Each Matroska Block may be accompanied by one BlockAdditions element. Its format is as follows:

  1. The first line contains the WebVTT Cue Text's optional Cue Settings List followed by one line feed character (U+0x000a). The Cue Settings List may be empty in which case the line consists of the line feed character only.
  2. The second line contains the WebVTT Cue Text's optional Cue Identifier followed by one line feed character (U+0x000a). The line may be empty indicating that there was no Cue Identifier in the source file in which case the line consists of the line feed character only.
  3. The third and all following lines contain all WebVTT Comment Blocks that precede the current WebVTT Cue Block. These may be absent.

If there is no Matroska BlockAddition element stored together with the Matroska Block then all three components (Cue Settings List, Cue Identifier, Cue Comments) must be assumed to be absent.

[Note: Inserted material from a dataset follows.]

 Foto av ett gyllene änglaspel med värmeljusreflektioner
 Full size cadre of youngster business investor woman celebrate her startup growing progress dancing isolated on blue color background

Examples of transformation

Here's an example how a WebVTT is transformed.

Example WebVTT file

Let's take the following example file:

WEBVTT with text after the signature

STYLE
::cue {
  background-image: linear-gradient(to bottom, dimgray, lightgray);
  color: papayawhip;
}
/* Style blocks cannot use blank lines nor "dash dash greater than" */

NOTE comment blocks can be used between style blocks.

STYLE
::cue(b) {
  color: peachpuff;
}

REGION
id:bill
width:40%
lines:3
regionanchor:0%,100%
viewportanchor:10%,90%
scroll:up

NOTE
Notes always span a whole block and can cover multiple
lines. Like this one.
An empty line ends the block.

hello
00:00:00.000 --> 00:00:10.000
Example entry 1: Hello <b>world</b>.

NOTE style blocks cannot appear after the first cue.

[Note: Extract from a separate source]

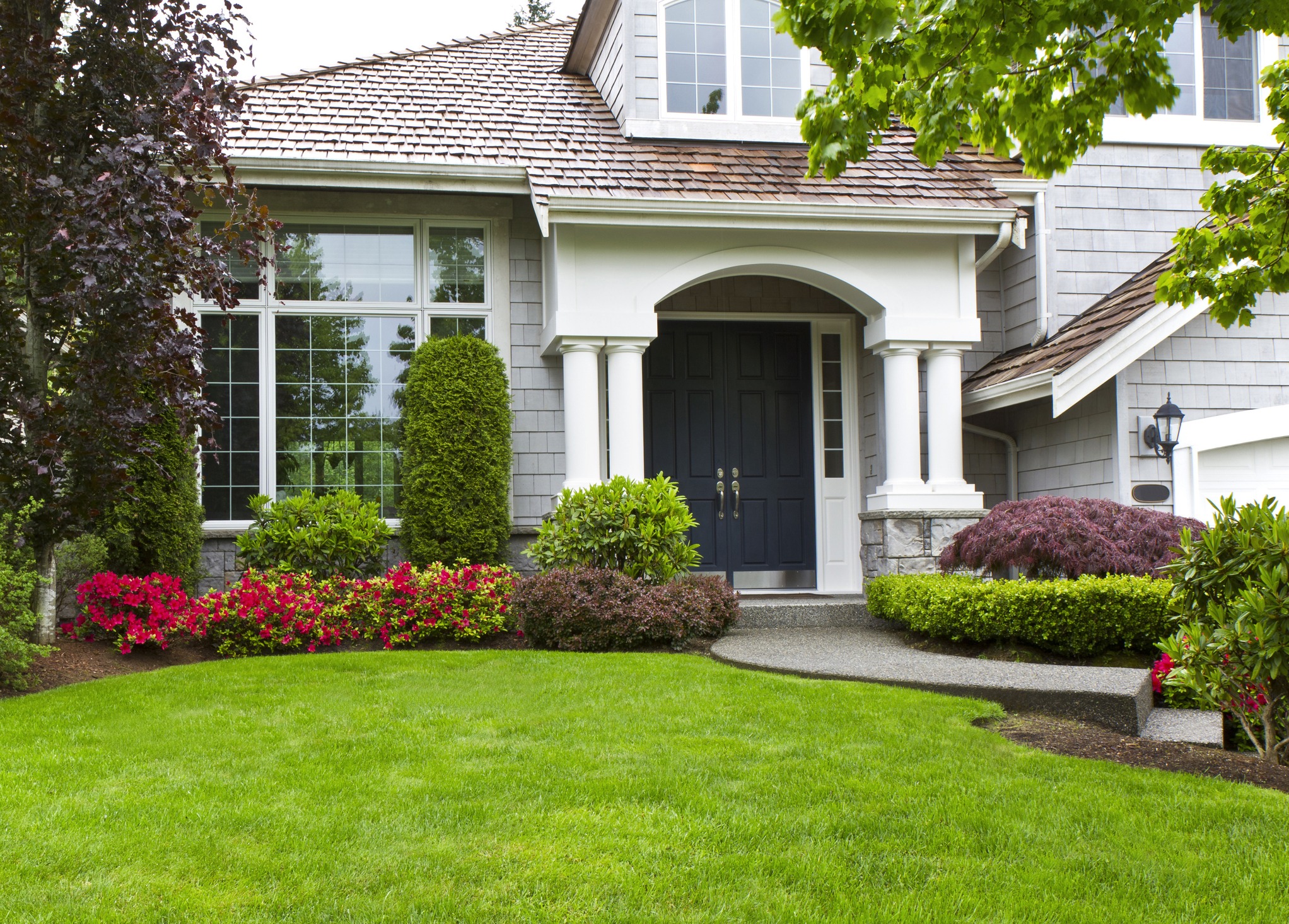 Elegant home entrance with columns, lawn, and flowering shrubs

00:00:25.000 --> 00:00:35.000
Example entry 2: Another entry.
This one has multiple lines.

00:01:03.000 --> 00:01:06.500 position:90% align:right size:35%
Example entry 3: That stuff to the right of the timestamps are cue settings.

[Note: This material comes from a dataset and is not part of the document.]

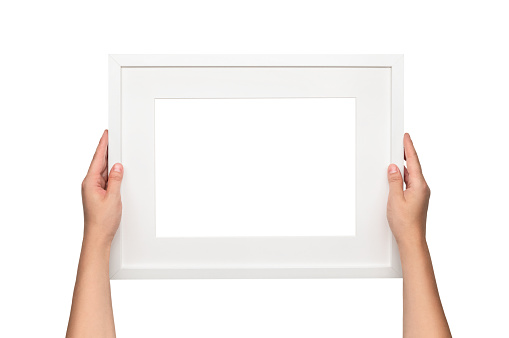 Woman hanging a frame on the wall. Empty white frame template.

00:03:10.000 --> 00:03:20.000
Example entry 4: Entries can even include timestamps.
For example:<00:03:15.000>This becomes visible five seconds
after the first part.

CodecPrivate

The resulting CodecPrivate element will look like this:

WEBVTT with text after the signature

STYLE
::cue {
  background-image: linear-gradient(to bottom, dimgray, lightgray);
  color: papayawhip;
}
/* Style blocks cannot use blank lines nor "dash dash greater than" */

NOTE comment blocks can be used between style blocks.

STYLE
::cue(b) {
  color: peachpuff;
}

REGION
id:bill
width:40%
lines:3
regionanchor:0%,100%
viewportanchor:10%,90%
scroll:up

NOTE
Notes always span a whole block and can cover multiple
lines. Like this one.
An empty line ends the block.

Storage of Cue 1

Example Cue 1: timestamp 00:00:00.000, duration 00:00:10.000, Block's content:

Example entry 1: Hello <b>world</b>.

BlockAddition's content starts with one empty line as there's no Cue Settings List:


hello

Storage of Cue 2

Example Cue 2: timestamp 00:00:25.000, duration 00:00:10.000, Block's content:

Example entry 2: Another entry.
This one has multiple lines.

BlockAddition's content starts with two empty lines as there's neither a Cue Settings List nor a Cue Identifier:



NOTE style blocks cannot appear after the first cue.

Storage of Cue 3

Example Cue 3: timestamp 00:01:03.000, duration 00:00:03.500, Block's content:

Example entry 3: That stuff to the right of the timestamps are cue settings.

BlockAddition's content ends with an empty line as there's no Cue Identifier and there were no WebVTT Comment blocks:

position:90% align:right size:35%

Storage of Cue 4

Example Cue 4: timestamp 00:03:10.000, duration 00:00:10.000, Block's content:

Example entry 4: Entries can even include timestamps. For example:<00:00:05.000>This becomes visible five seconds after the first part.

This Block does not need a BlockAddition as the Cue did not contain an Identifier, nor a Settings List, and it wasn't preceded by Comment blocks.

Storage of WebVTT in Matroska vs. WebM

Note: the storage of WebVTT in Matroska is not the same as the design document for storage of WebVTT in WebM. There are several reasons for this including but not limited to: the WebM document is old (from February 2012) and was based on an earlier draft of WebVTT and ignores several parts that were added to WebVTT later; WebM does still not support subtitles at all; the proposal suggests splitting the information across multiple tracks making demuxer's and remuxer's life very difficult.